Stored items
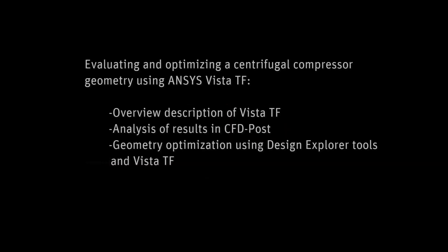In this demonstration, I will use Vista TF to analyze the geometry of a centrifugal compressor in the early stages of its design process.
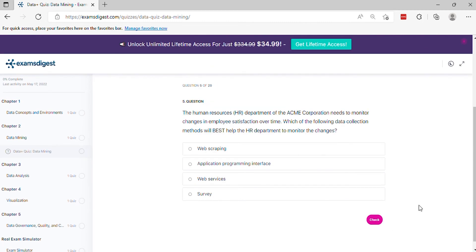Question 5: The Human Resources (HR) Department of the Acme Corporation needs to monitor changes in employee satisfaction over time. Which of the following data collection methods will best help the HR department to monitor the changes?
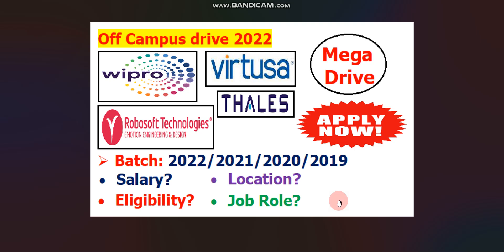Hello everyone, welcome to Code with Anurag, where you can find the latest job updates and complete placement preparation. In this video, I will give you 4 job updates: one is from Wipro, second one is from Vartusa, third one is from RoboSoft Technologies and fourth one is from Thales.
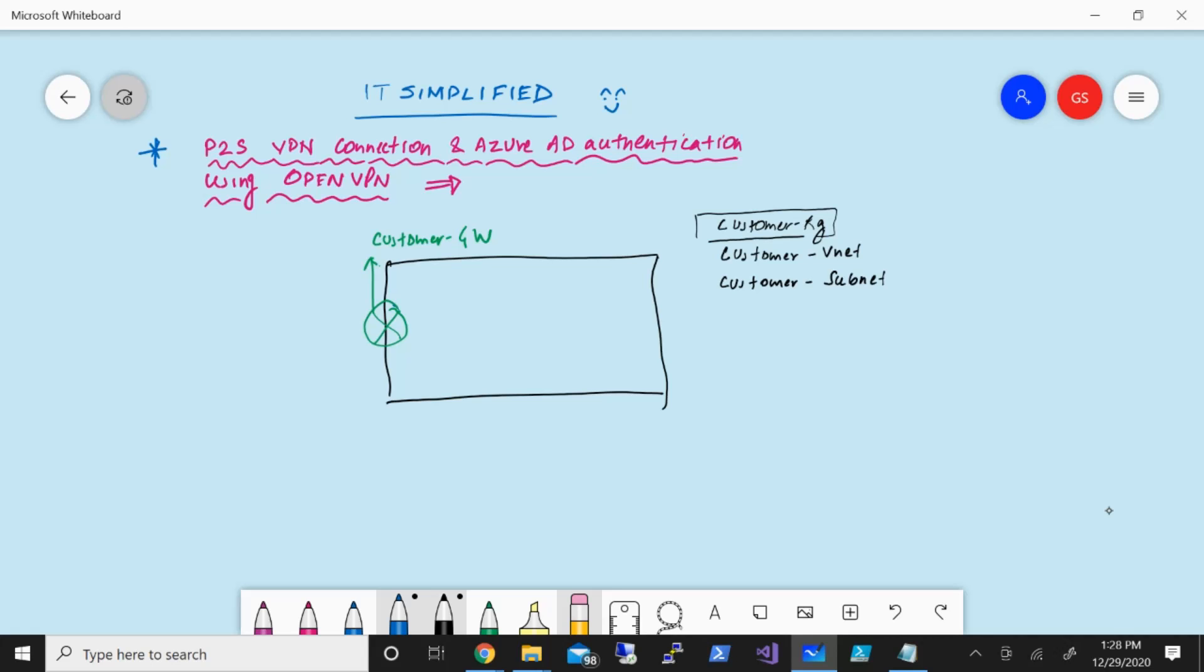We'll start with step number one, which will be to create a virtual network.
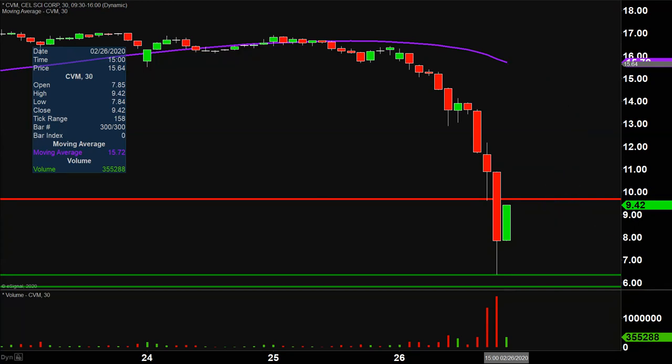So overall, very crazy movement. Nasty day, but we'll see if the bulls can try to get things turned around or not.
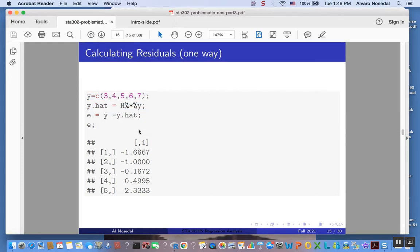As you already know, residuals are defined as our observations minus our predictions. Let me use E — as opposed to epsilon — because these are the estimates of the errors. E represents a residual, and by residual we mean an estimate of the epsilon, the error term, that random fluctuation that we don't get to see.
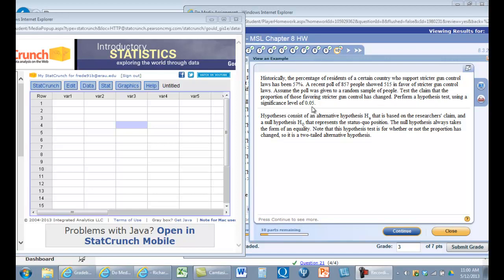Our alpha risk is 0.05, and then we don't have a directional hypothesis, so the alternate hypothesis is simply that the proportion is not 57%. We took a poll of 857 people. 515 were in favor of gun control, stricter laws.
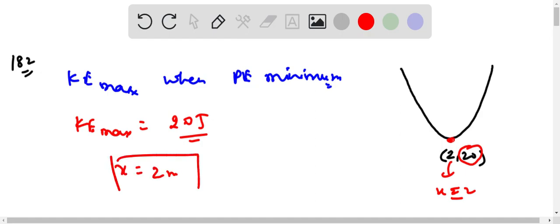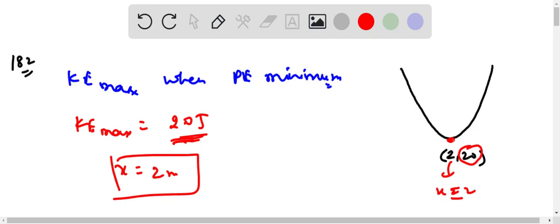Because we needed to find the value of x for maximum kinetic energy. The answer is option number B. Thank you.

TASK GOAL - Nothing but the lines above, starting at the line that contains "We'll start with" and ending at the line that contains "So overall, very", should be given again, exactly and without the pictures.

RESPONSE AREA -
We'll start with step number one, which will be to create a virtual network.
So overall, very crazy movement. Nasty day, but we'll see if the bulls can try to get things turned around or not.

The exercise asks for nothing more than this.